I think I spotted a mistake in @EliezerYudkowsky's post Causal Diagrams and Causal Models, published in October 2012.
My comment with the mistake description: https://www.lesswrong.com/posts/hzuSDMx7pd2uxFc5w/causal-diagrams-and-causal-models?commentId=7HQBtja6xTA5JA8L3.
There are hundreds of comments under the post, but I couldn't find anyone calculating/comparing P(O|I & not E), P(O|not E), P(I|O & not E), P(I|not E). Yudkowsky's model would suggest that the first should be less than the second and the third should be less than the fourth, but actually, the two pairs are approximately equal. People calculated those with E instead of not E, and it works out fine; I suspect that the numbers in the data have not been generated to let the reader correctly infer the causal graph.

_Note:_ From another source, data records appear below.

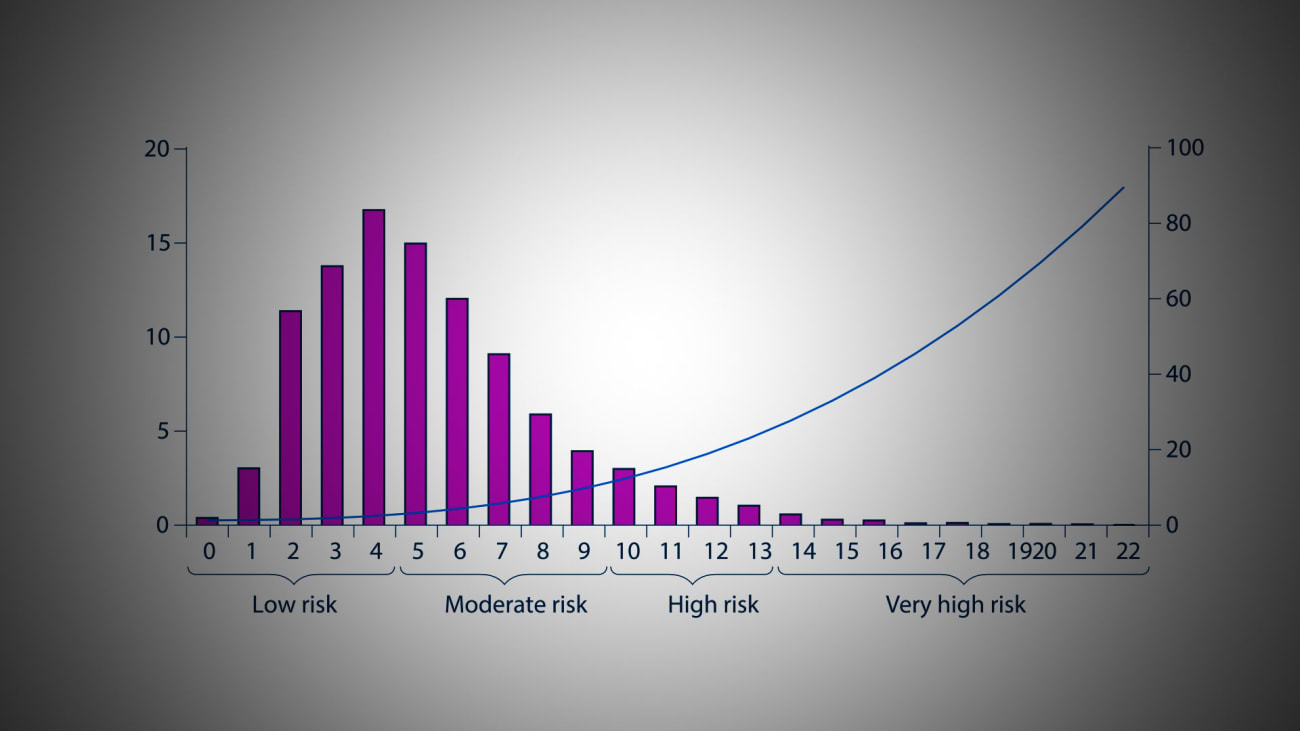 Risk Score to Help Predict Possible Contrast-Associated Kidney Injury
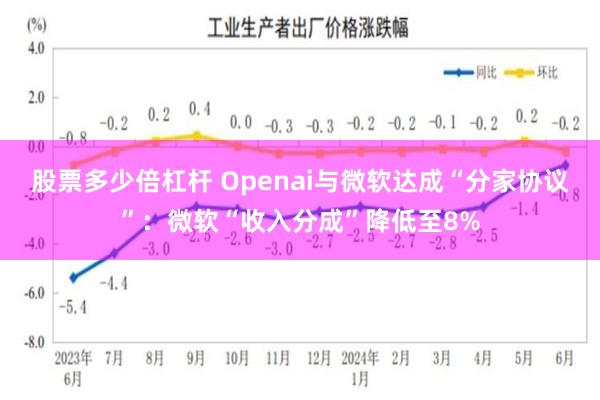 股票多少倍杠杆 Openai与微软达成“分家协议”：微软“收入分成”降低至8%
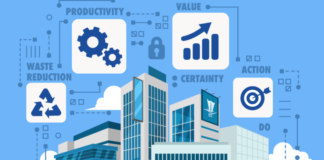 Material Técnico – Descomplicando o Lean Construction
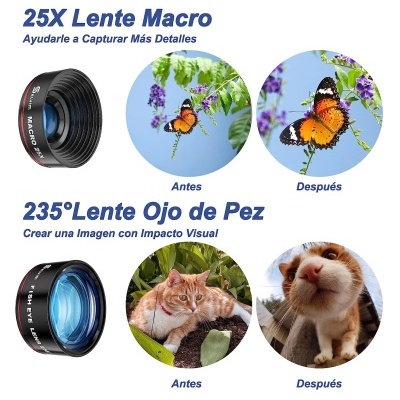 Lentes fotográficas 25X Macro e 235° Olho de Peixe com imagens comparativas Antes e Después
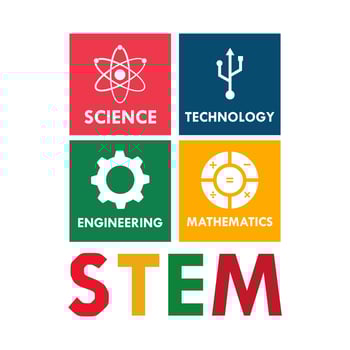 STEM - science, technology, engineering and mathematics. education vector illustration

Is this a real mistake, or am I missing something?
Resolves Yes if Yudkowsky says it's a real mistake.
Otherwise, resolves to an opinion of a majority of >4 people who've read Pearl's book on Probabilistic Inference, if the opinion of a majority exists.
Otherwise, resolve to a consensus among people who've read the sequence, if it exists.
Otherwise, resolves No if Yudkowsky says it's not a mistake.
Otherwise, resolves No if someone persuades me it's not a mistake.
Otherwise, resolves N/A.
(Please don't make dishonest statements to manipulate the market.)
(I'm not going to hold a No position on this market.)
If the mistake is left intentionally, it still counts as a mistake for the purpose of this market.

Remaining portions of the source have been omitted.